Cassian told them to sod off with their fake Latin and read a real textbook. They never did.

"We've got the diary, the fake locket, the ring, the diadem, and Potter," he muttered, counting off on his fingers. He stopped walking.

"And Helga's cup is likely one," he went on. "Which puts it on the board. That's six known anchors. Potter was accidental, though. Which means we're still short."

Dumbledore frowned slightly. "I believe one was used to tether his return. The ritual itself consumed it. If that involved the cup, I cannot say. One is gone, regardless."

Cassian clicked his tongue. "That still leaves two."

"At most," Dumbledore said. "His soul was unstable long before his return. I doubt he managed more than one or two after that. Even he has limits."

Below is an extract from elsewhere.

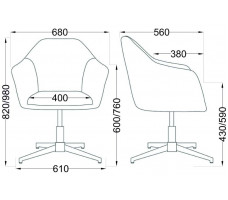 Стул AksHome DUBAI (Дубай) темно-серый велюр/хром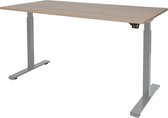 RoomForTheNew Bureau Heathrow Basic-Desk - Zit sta Bureau - Zit sta Bureau Elektrisch - Gaming Bureau - Game Bureau - Verstelbaar Bureau - standing Desk--Havana blad-Aluminium  ond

"Brilliant," Cassian muttered.

They reached the pavement and stopped. Cassian turned to him.

"One more thing," he said. "That note. R.A.B. You ever work out who that was?"

Dumbledore gave a hesitant nod. "I believe it was Regulus Black."

Cassian frowned. That name he knew. Regulus had been a proper little Slytherin poster boy back when Cassian was new at Hogwarts. Fifth year when he arrived.

"Black's younger brother," Cassian said. "Sirius's."

"Yes."

Cassian's eyes narrowed. "You're telling me he turned."

"I think he did," Dumbledore said. "And I think it cost him his life."

Cassian stared at the street, if he drank that thing in the cave, yeah. It's possible.

He looked back at Dumbledore. "What was his middle name again?"

"Arcturus," Dumbledore said, just as they reached the gate.

Cassian hummed. "Thought so. Go ask Sirius, then. Maybe he'll throw a family heirloom at your head."

Dumbledore smiled, tired but warm. "See you at school, Cassian."

Cassian gave him a two-fingered mock salute. "Safe travels, Headmaster."